II. A evidência de que viveríamos o antropoceno, para Ailton Krenak, seria motivo suficiente para a ação, para um reencontro com o mundo, para um despertar para a coabitação pacífica da terra, para a sua preservação e de seus viventes. Em sua opinião, o antropoceno, considerado um era geológica caracterizada pelos impactos da exploração humana sobre o planeta, deveria soar como um alarme nas nossas cabeças. A grande morada é a preocupação dos dois filósofos, pois como explica Ailton Krenak: o planeta terra, de onde se exaure as fontes de vida, é o que possibilita ao seu povo o sentimento de estar em casa, de que havia “uma casa comum que podia ser cuidada por todos” (KRENAK, 2020, p. 47).
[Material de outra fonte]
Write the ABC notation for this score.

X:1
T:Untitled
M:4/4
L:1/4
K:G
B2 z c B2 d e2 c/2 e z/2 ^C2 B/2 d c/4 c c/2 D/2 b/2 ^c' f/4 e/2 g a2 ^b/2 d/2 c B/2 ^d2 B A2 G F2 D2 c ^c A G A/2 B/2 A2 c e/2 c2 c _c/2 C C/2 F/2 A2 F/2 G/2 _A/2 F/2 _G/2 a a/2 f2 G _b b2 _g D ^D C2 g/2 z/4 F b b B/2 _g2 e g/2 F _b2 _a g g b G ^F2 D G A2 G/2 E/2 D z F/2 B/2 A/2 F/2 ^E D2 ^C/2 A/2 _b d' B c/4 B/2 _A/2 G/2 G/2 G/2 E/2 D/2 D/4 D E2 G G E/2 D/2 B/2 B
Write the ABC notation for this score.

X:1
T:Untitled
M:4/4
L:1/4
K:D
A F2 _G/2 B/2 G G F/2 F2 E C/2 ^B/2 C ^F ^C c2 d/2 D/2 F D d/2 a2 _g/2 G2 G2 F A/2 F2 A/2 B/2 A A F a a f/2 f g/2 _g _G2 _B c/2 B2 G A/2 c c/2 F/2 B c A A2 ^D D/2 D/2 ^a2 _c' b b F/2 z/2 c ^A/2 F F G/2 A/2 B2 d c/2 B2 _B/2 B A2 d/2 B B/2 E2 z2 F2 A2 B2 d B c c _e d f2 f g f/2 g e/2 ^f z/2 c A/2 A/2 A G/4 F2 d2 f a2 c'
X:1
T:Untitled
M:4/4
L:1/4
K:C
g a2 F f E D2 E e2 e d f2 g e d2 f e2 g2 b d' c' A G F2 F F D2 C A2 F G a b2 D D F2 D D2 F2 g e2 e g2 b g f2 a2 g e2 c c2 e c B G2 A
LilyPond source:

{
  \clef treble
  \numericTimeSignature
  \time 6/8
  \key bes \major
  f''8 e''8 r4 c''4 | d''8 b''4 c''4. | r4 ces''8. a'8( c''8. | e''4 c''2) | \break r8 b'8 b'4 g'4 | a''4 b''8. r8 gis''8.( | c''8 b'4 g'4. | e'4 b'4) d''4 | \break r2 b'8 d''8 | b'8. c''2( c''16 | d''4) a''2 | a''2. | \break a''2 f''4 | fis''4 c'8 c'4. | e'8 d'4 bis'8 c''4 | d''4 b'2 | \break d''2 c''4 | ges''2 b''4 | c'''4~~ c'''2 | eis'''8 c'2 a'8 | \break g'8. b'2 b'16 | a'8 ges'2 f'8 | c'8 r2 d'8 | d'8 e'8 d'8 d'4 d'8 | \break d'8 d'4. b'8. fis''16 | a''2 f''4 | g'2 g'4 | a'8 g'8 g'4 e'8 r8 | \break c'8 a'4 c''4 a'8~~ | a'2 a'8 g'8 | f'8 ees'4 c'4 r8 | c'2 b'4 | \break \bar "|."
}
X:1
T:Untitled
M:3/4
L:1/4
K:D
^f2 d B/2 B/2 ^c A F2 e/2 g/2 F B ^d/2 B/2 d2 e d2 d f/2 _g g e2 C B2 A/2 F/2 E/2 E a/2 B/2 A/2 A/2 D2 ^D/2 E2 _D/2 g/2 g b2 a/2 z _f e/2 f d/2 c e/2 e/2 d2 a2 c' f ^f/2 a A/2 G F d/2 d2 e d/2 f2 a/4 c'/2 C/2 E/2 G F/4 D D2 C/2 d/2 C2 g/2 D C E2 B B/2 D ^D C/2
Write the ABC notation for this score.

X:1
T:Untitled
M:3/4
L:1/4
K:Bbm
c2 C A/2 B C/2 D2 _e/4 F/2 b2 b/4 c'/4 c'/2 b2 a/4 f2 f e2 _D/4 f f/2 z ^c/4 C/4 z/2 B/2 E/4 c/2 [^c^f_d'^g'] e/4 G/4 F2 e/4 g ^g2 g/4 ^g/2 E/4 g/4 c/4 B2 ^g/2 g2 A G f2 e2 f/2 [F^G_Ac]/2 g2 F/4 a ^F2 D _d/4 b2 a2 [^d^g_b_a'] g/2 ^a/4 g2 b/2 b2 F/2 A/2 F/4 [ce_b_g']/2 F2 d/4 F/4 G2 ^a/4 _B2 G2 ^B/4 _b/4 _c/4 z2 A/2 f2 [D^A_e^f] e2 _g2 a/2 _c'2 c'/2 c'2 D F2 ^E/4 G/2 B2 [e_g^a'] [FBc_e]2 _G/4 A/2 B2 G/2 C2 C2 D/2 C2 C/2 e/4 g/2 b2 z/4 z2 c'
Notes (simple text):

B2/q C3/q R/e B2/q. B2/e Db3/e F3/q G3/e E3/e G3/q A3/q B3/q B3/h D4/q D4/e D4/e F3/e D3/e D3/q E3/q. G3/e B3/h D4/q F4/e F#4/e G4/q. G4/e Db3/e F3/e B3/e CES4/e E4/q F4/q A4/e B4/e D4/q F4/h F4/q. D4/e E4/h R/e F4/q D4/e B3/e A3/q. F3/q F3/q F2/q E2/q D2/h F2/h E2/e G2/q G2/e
Contudo, a escritor indígena pensa que essa disposição diante do mundo, que já vinha sendo assolada pela noção eurocêntrica de humanidade, teria entrado num estado alarmantemente expansivo devido à exclusão de toda organização de vida que estivesse fora dos domínios do capitalismo consumista. Aqui entra, então, a sua filosofia da terra, ou do enraizamento, que se lança ao perspectivismo e contrário à unidimensionalidade do mundo. O povo Krenak, esclarece Ailton, foram animados justamente pelo coabitar o mundo de maneira diversa, pluralista, sendo também partes constitutivas do próprio planeta, não percebido, pois, como objeto a ser explorado, “(…) em que havia corresponsabilidade com os lugares onde vivemos e o respeito pelo direito à vida dos seres, e não só dessa abstração que nos permitimos construir como uma humanidade, que exclui todas as outras e todos os outros seres” (KRENAK, 2020, p. 27).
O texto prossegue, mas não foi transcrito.